Nirecol
Grammar and verbs: future, conditionnel, and polite requests
Resources

Grammar and verbs: future, conditionnel, and polite requests

A grammar and verbs page for future reference, conditionnel basics, and more controlled polite requests in practical and formal French.

Plans and polite requests often dépend on just a few grammar and verb shifts. This page helps you hear when the future states the plan and when the conditionnel softens the move.

What this page trains

Use this page when near-future plans, formal requests, and softer recommendations keep blending together in the same tone. The distinction matters for clarity and politeness.

The page is especially useful from A2 into B2, where the learner has to talk about plans, deadlines, options, and requests without sounding either too abrupt or too vague.

  • Separate planning language from polite distance.
  • Keep request verbs tied to audience and task.
  • Use grammar choice to control tone.

Core patterns and contrasts

The near future and future forms often organize action and timing.

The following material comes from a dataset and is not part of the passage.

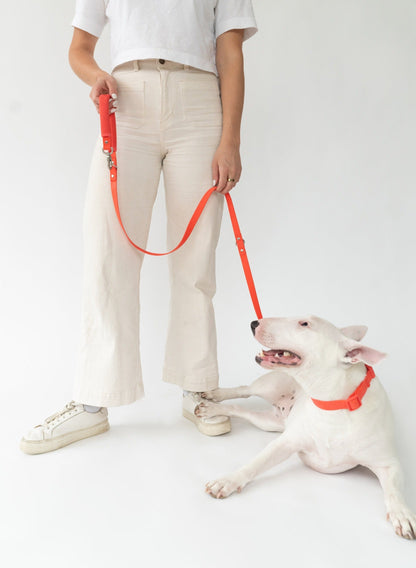 Dog Leash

The conditionnel, by contrast, frequently manages distance, politeness, or hypothetical recommendation. Putting both on one page makes the contrast easier to feel in real communication.

High-value verb chunks matter here: je vais confirmer, nous devrons revoir, je voudrais signaler, il conviendrait de, pourriez-vous. These lines teach grammar, verb choice, and register together.

  • Ask first: plan, possibility, or polite request?
  • Keep one direct and one softer version of the same move.
  • Store the verb inside the chunk, not alone.

Practice routine

Rewrite one direct request in two new versions: practical future planning and polite conditionnel. That comparison shows how grammar changes force, not only form.

Then place the same move inside a real email, service call, or recommendation paragraph so the difference remains communicative.

  • Compare direct, practical, and polite versions.
  • Use one chunk in a service task and one in a formal task.
  • Read the final versions aloud for tone control.

How to use this page

How to use this page: pair it with A2 planning lessons, B1 conditionnel work, and B2 formal writing. It becomes most useful after a request sounds too hard, too weak, or tonally inconsistent.

Return whenever the grammar is technically right but the pragmatic effect is still off.

After reading the page, revise one older sentence, message, or paragraph with it immediately. The page becomes much more valuable when it changes a real output and not only your notebook.

  • Best with A2 to B2 planning and request lessons.
  • Useful before formal letter or email tasks.
  • Keep one polite request chunk active all week.